## Problem
Make an exact copy of the data below, leaving out every picture.

─── Data

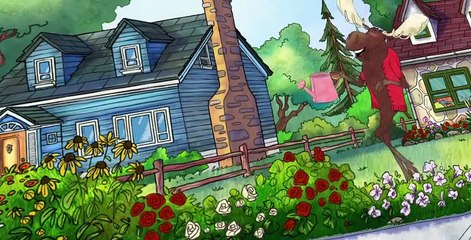 If You Give a Mouse a Cookie E012 - Farm Friends - Picnic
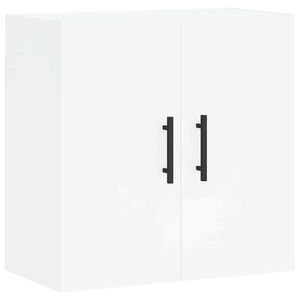 vidaXL Zidni ormarić bijeli 60 x 31 x 60 cm od konstruiranog drva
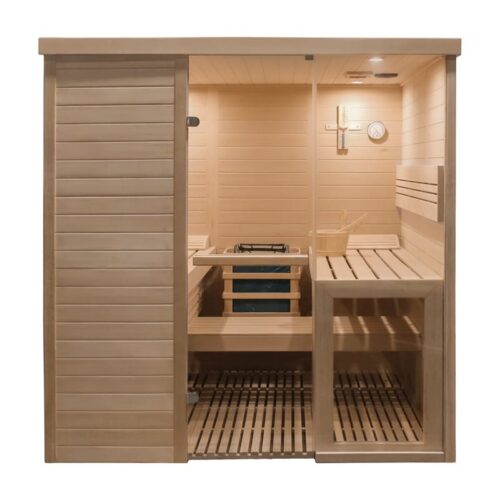 Centuraheat 2-3 Person Traditional Relax Sauna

──────

## Response below
 If You Give a Mouse a Cookie E012 - Farm Friends - Picnic
 vidaXL Zidni ormarić bijeli 60 x 31 x 60 cm od konstruiranog drva
 Centuraheat 2-3 Person Traditional Relax Sauna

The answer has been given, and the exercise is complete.